Prince Albert Edward (Bertie)

March 14, 2017

Prince of Wales in Lucknow & Kanpur

Filed under: Lucknowledge — @ 6:33 am

Prince Albert Edward (Bertie), Queen Victoria’s eldest son, set sail from London on 11 October 1875 on the royal ship HMSS Serapis, and arrived at Bombay in India just under a month later, on 8 November. There were altogether fifty men in the party, the next highest ranking to the Prince being the Duke of Sutherland, followed by Sir Bartle Frere. Chosen to record the visit were the Prince’s Honorary Private Secretary, William Howard Russell (1820-1907), who reported on it for the Times, and the artist Sydney P. Hall (1842-1922), who was responsible for the illustrations in Russell’s subsequent book about it. During the next seventeen weeks the Prince made an extensive tour of the country, meeting the colonial elite, being entertained in style by the native princes, bestowing honours, attending functions of all kinds, receiving costly gifts, participating in animal shoots and sporting events, dallying with one or two English belles, and so on. As Russell would note later, by the time he left, the Prince knew “more Chiefs than all the Viceroys and Governors together and [had] seen more of the country… than any living man”. The tour was as extensively covered in Britain as it was extensive, but it is not much discussed now. Yet it demonstrated the surprising strengths of the future Edward VII, and had very significant repercussions for the Raj.

Lucknow and Kanpur too were on the itinerary. Cawnpore (Kanpur). The stop at Lucknow was special. Here, the element of gorgeous and spectacular entertainment gave way to poignant and stirring memories of the famous siege and its relief, during the 1857 Mutiny. A Celtic cross had long since been raised in the Residency garden in memory of Sir Henry Lawrence and the European officers and men who died then; now the Prince laid the first stone of a monument outside the garden, to the Indians who also died with them. It was surely the most emotional ceremony in which the Prince took part in India. In the presence of the assembled troops, the English flag was raised outside the battle-scarred ruins of the old Residency. Trumpets sounded, salutes were made, drums rolled and cannon fired.

The salute over, the Prince desired that all the survivors of the defence might be presented to him. The picture… was touching in the extreme. Some two hundred old warriors filed past. First came the officers…. They were followed by sixteen native officers and non-commissioned officers who had taken part…. and lastly, and on which all eyes turned, was a mixed band of decrepit warriors, and young men who, as mere boys, had done their duty nobly within the walls…. In some cases their bodies were supported by friends, and their palsied arms were with difficulty made to give a last salute…. Several veterans came forward in the old stiff uniforms of the East India Company’s service, and having swords covered with the rust of twenty years. During the scene, many ladies, some of whom had lost sons in the relief, were in tears. Every one was affected. [Wheeler 227-28]

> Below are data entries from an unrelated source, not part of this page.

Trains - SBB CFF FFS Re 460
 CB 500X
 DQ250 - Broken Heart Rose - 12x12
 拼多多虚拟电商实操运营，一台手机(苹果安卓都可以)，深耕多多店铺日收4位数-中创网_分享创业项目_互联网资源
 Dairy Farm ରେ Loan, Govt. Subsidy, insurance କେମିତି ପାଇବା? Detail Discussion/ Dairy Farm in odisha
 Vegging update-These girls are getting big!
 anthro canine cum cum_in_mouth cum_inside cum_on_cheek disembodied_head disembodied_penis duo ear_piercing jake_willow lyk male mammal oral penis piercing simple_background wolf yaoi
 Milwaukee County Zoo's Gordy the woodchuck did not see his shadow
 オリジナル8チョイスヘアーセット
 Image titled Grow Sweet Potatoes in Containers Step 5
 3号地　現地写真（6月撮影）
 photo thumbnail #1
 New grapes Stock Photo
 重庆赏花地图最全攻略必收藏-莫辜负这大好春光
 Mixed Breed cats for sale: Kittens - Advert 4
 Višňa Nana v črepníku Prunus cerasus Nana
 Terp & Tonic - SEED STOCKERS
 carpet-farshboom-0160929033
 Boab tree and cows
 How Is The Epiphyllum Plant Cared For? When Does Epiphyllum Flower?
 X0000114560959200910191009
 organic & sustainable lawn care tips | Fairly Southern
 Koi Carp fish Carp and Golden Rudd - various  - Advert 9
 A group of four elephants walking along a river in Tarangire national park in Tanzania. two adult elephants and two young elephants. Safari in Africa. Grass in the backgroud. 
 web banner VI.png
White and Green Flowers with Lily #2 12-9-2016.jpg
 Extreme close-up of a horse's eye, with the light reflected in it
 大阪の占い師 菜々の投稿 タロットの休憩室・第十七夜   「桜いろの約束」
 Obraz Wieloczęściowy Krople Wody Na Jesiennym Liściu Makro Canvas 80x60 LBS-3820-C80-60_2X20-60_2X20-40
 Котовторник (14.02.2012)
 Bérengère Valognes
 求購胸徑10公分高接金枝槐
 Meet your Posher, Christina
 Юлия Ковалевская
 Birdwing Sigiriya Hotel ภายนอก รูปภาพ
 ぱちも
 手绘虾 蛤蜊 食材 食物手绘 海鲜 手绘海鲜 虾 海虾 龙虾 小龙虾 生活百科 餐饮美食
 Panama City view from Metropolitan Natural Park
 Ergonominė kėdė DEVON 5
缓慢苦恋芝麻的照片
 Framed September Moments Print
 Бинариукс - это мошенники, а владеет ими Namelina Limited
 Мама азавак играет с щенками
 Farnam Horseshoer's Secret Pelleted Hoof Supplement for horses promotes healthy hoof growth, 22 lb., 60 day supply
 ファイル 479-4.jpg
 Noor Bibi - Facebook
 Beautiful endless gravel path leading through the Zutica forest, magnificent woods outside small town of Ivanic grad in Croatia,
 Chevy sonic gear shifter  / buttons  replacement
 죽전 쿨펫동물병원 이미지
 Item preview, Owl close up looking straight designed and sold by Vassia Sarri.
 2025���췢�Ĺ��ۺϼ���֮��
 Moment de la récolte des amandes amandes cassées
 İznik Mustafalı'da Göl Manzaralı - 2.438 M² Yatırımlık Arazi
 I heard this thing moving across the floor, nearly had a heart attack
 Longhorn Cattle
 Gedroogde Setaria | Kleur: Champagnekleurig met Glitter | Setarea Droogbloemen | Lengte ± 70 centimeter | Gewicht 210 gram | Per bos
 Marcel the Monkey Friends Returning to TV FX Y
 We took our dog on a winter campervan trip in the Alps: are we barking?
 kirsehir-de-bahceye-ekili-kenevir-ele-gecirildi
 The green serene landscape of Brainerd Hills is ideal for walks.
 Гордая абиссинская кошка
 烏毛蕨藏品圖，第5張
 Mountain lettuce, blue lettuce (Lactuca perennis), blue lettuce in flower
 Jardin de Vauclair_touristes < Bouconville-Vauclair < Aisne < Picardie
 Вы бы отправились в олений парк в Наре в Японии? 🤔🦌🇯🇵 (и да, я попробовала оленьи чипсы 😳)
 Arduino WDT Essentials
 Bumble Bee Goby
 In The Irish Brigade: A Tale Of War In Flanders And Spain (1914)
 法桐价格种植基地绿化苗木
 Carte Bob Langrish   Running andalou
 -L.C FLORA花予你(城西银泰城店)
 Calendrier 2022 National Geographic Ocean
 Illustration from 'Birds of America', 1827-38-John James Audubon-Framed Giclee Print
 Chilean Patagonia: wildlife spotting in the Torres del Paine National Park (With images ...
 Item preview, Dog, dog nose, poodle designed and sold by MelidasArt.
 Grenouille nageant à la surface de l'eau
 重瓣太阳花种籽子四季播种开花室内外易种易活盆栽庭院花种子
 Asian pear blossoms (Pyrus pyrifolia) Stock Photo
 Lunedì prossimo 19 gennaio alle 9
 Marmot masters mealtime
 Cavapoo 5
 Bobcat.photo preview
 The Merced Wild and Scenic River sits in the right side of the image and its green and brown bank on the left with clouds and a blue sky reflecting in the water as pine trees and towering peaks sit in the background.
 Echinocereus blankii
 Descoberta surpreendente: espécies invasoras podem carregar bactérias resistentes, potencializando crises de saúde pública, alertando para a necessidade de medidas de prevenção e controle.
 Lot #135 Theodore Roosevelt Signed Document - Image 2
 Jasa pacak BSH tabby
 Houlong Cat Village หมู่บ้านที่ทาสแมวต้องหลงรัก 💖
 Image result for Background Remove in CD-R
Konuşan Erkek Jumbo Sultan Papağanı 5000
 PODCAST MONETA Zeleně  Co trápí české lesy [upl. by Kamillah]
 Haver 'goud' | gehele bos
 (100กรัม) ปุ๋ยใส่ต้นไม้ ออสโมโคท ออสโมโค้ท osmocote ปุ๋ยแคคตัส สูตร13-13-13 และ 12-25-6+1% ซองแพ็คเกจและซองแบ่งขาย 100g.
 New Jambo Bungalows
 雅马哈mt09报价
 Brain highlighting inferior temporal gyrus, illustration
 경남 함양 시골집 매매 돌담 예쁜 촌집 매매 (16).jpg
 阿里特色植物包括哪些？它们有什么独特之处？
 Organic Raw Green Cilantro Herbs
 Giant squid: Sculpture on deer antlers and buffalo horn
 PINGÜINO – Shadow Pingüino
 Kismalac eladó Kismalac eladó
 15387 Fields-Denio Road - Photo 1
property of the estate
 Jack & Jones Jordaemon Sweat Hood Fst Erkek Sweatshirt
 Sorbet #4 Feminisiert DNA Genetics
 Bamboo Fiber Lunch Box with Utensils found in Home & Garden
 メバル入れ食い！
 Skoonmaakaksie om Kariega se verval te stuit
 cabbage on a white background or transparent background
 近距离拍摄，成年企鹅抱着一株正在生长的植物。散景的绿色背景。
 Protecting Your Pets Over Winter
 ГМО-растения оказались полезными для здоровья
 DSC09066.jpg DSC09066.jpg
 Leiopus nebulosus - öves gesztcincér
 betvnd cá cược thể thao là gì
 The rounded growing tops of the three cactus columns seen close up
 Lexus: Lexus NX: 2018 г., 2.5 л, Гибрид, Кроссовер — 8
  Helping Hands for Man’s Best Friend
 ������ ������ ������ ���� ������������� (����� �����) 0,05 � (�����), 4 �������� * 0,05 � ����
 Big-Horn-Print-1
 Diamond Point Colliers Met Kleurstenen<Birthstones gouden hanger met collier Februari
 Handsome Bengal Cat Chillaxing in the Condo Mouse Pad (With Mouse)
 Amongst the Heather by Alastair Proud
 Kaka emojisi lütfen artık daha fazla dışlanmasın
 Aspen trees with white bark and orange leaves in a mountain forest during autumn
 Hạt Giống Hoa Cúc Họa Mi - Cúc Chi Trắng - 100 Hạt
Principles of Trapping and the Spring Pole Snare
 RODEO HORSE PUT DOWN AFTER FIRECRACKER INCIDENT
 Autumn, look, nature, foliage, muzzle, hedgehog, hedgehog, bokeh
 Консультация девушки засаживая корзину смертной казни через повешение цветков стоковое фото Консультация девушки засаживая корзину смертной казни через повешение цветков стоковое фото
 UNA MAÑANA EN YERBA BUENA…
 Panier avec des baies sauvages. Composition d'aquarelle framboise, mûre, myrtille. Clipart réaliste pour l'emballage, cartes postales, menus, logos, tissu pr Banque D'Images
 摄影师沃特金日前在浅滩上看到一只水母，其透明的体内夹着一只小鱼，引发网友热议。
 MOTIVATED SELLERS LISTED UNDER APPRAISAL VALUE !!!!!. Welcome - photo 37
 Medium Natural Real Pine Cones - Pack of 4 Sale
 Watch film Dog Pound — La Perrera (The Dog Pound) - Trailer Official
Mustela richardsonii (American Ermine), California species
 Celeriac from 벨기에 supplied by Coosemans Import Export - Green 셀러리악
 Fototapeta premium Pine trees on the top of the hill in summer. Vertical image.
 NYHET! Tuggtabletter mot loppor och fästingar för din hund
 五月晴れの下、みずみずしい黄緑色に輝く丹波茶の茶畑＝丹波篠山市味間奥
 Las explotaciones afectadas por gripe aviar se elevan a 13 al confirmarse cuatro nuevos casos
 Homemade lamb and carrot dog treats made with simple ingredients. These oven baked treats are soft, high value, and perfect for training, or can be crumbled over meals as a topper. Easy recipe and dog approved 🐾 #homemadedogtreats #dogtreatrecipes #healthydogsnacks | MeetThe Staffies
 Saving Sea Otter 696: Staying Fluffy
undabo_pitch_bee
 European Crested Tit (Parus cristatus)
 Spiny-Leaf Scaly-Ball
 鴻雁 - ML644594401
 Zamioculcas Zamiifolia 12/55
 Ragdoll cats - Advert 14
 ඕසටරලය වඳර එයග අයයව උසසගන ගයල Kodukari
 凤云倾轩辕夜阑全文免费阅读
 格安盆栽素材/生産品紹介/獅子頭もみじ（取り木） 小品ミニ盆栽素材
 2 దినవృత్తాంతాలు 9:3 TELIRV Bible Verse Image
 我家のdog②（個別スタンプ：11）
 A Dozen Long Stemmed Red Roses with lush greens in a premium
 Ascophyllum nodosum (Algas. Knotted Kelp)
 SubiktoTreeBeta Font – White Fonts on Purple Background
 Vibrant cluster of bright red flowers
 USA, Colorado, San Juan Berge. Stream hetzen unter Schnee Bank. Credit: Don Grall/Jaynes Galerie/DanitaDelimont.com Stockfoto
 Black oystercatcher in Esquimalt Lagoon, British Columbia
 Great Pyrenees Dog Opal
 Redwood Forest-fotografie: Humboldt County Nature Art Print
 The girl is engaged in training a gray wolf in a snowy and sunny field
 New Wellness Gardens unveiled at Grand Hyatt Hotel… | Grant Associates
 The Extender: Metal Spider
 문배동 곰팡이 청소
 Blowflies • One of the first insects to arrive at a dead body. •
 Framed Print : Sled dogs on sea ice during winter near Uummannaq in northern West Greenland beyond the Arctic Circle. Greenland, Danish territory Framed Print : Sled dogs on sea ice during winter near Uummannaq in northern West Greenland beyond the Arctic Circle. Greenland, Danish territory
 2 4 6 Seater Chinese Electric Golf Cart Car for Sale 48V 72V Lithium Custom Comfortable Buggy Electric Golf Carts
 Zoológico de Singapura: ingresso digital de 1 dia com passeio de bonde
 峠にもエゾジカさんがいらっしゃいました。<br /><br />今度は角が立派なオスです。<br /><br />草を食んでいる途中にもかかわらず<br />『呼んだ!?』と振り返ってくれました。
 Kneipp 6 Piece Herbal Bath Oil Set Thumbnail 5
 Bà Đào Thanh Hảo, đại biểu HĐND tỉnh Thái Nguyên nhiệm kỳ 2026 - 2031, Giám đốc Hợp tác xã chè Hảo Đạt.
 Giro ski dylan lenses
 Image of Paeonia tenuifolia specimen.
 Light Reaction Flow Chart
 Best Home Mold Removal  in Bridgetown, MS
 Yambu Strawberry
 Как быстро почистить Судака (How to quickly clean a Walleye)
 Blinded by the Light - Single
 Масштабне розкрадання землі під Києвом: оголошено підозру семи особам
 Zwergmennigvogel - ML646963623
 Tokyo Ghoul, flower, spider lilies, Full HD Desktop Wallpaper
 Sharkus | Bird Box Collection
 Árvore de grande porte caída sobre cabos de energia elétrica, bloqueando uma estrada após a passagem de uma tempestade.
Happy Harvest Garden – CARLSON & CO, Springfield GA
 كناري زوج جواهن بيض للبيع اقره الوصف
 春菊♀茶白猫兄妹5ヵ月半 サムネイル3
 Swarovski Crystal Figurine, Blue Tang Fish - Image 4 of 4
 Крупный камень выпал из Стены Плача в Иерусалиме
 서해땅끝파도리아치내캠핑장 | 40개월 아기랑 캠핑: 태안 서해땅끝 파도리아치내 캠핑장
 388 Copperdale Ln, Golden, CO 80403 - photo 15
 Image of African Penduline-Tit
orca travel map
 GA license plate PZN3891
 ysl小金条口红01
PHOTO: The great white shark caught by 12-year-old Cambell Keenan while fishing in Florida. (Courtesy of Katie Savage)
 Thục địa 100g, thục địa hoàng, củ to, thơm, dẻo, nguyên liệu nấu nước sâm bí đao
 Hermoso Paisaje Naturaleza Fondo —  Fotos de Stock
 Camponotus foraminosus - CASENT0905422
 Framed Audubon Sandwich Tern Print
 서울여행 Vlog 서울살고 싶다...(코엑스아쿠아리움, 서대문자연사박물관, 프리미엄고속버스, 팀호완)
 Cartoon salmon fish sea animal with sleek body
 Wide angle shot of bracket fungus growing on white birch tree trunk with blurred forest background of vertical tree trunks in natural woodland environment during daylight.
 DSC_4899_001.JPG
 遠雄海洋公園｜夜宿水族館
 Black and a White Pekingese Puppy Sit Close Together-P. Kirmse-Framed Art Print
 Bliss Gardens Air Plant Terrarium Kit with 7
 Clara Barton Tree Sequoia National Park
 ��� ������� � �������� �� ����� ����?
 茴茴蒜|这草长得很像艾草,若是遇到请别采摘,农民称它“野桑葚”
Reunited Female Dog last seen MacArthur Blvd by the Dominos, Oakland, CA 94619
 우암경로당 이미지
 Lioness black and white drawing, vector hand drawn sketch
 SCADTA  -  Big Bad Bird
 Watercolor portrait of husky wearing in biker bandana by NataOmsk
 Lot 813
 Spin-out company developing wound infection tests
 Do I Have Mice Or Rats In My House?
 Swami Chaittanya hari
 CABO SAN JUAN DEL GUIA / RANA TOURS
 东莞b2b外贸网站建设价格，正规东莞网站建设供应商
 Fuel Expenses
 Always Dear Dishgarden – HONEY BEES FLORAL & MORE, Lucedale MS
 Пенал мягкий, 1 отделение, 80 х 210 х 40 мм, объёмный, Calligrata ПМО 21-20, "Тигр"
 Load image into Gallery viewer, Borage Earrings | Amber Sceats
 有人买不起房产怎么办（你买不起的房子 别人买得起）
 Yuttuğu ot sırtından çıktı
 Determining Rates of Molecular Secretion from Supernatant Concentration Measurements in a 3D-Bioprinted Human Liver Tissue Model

The Chief Commissioner for the region of Oude (later Awadh) declared, in the speech that followed, that the behaviour of the sepoys at Lucknow, who voluntarily stood by the British during the siege, “was simply without a parallel in the annals of the world”. Amongst the other sights that the Prince was shown in Lucknow was the “square grey tomb, with a shelving stone on the top” of Major Hodson, whose elaborately carved monument can be seen in Lichfield Cathedral.

The royal party then set off for Delhi, with a couple of hours’ pause in the evening at Cawnpoor (now Kanpur), where the Prince paid his respects at the spot of perhaps the most notorious of the atrocities committed during 1857 on both sides, when two hundred or so British women and children were butchered and thrown into a well. Here stood Baron Marochetti’s The Angel of Pity memorial. Marochetti loved to design and sculpt angels, and this is one of his finest. “I cannot describe the effect of the bright moon’s rays on the white marble work – or how the whole memorial stood out in its lonely grandeur on that delightful night,” wrote a member of the party. The Prince also inspected the Memorial Gardens and the only recently completed church there, now called the Kanpur Memorial Church, to which the monument has since been moved.